Cultura e Spettacoli

Tragedia e un po’ di noir Ecco un prezioso Camus

Macerata Un po’ tragedia greca e molto noir, in mezzo a noi vive la storia in gesti, parole e musica, di una madre e una figlia sciagurate: gestiscono una locanda, danno il sonnifero ai visitatori, li depredano e li buttano nelle acque d’una chiusa. Arriva il loro figlio e fratello, che non vedevano da tempo: non lo riconoscono e buttano giù anche lui per le acque. Si uccideranno, alla scoperta, e separatamente. La moglie del malcapitato si dispera, chiede aiuto ad un vecchio cameriere, silente e misterioso come Dio, e lui risponde: No. È la pièce di Albert Camus Le malentendu, ovvero il malinteso. Il regista Saverio Marconi, che è dei pochi bravissimi ed interessanti, accosta pochi nudi elementi a tracciare la squallida pensioncina, dove pochi percorsi bastano a dare il fondo d’un mistero esistenziale.
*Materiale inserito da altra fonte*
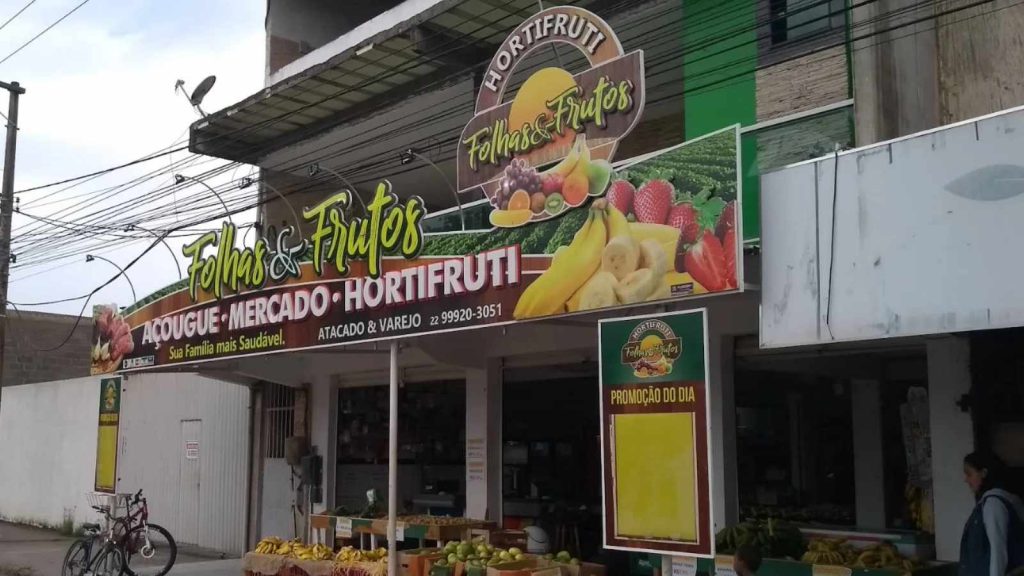 Hortifruti Folhas &Amp; Frutos Está Com Vagas Para Auxiliar De Serviços Gerais, Atendente, Repositor Entre Outros 4 Cargos Em Macaé Rj 1 Hortifruti Folhas &Amp; Frutos, Fachada, Letreiro, Clientes, Frutas, Bicicleta,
Rigorosamente a pianta centrale, con spettatori in piccole gradinate e in balconata, dà persino fastidio tanto è credibile. I personaggi cantano, con la logica di una rappresentazione in prosa affollata di musiche di scena disponibili a insinuare atmosfere o a eccitare i protagonisti con sonorità ardue e sprezzanti. Cantano, come farebbero nel melodramma verista, ma con gli intervalli delle scuole successive attentamente mescolati: influssi francesi temprano le durezze tedesche; il guaio è che, arrampicati spesso in alto sul pentagramma, lo sforzo del fraseggio compromette la naturalezza della conversazione. Se il danno è limitato ed il successo caldo, è perché l’autore Matteo d’Amico, colpisce per l’esattezza della strumentazione. Così, fa notevole figura il direttore Guillaume Tourniaire, che ha a disposizione sette strumentisti tra cui il magnifico Quartetto Bernini, ed una compagnia molto intensa con Sofia Solovij, Mark Milhofer, Elena Zilio.
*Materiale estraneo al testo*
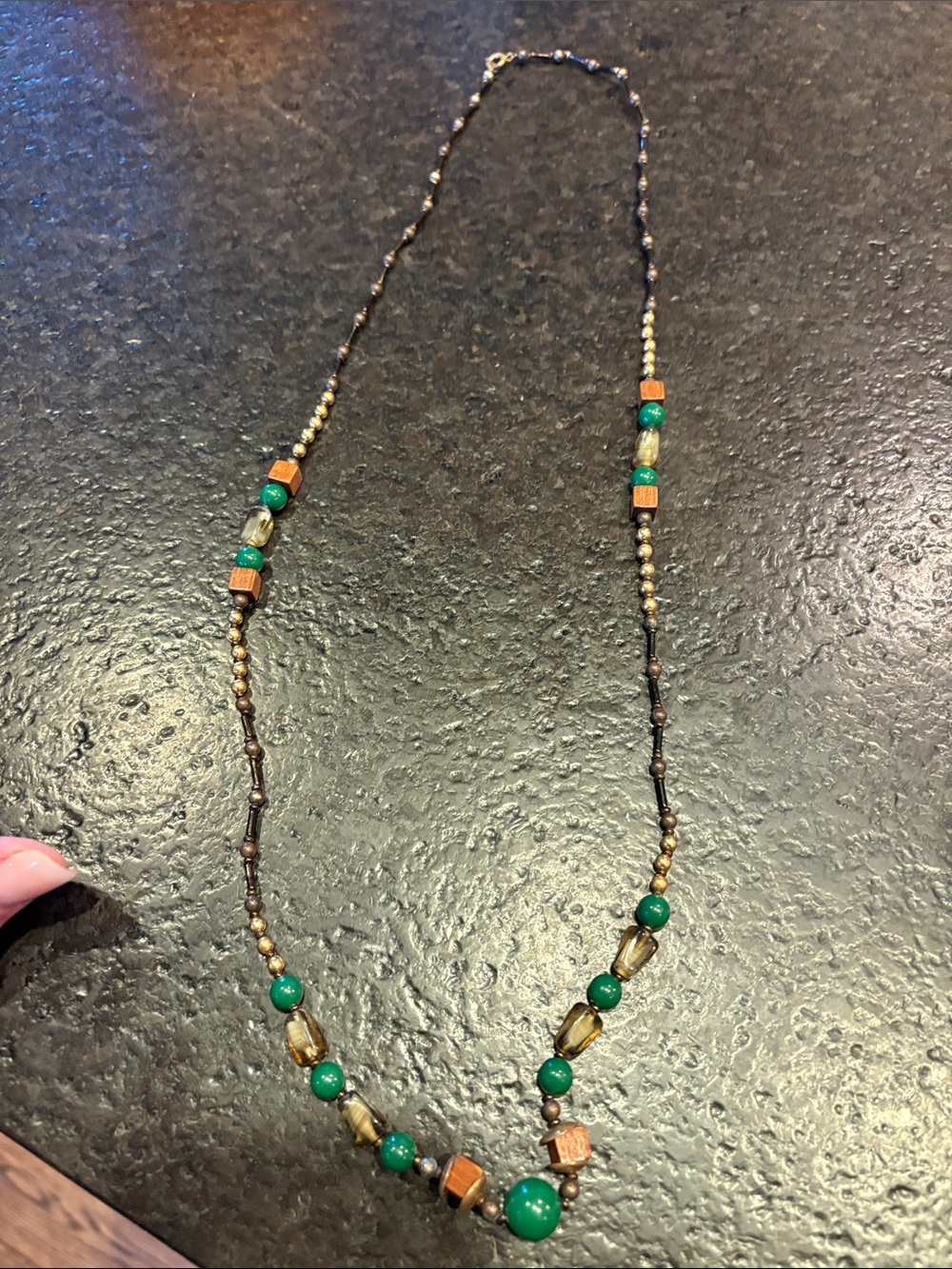 Green Beaded Womens Necklace - Unbranded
Intanto, allo Sferisterio, si dà La Traviata; in costumi suggestivi, con tradizionali scene e tracce di regìa di Massimo Gasparon, ci fa ascoltare la suadente voce del tenore Alejandro Roy, l’efficacia del baritono Gabriele Viviani e offre la non imprevedibile ma impeccabile Violetta di Mariella Devia, un classico nella storia dell’opera, un bene nazionale ed internazionale per la sua perfezione.

Non farà sempre gridare «Viva Verdi!», ma certo lo fa continuamente pensare.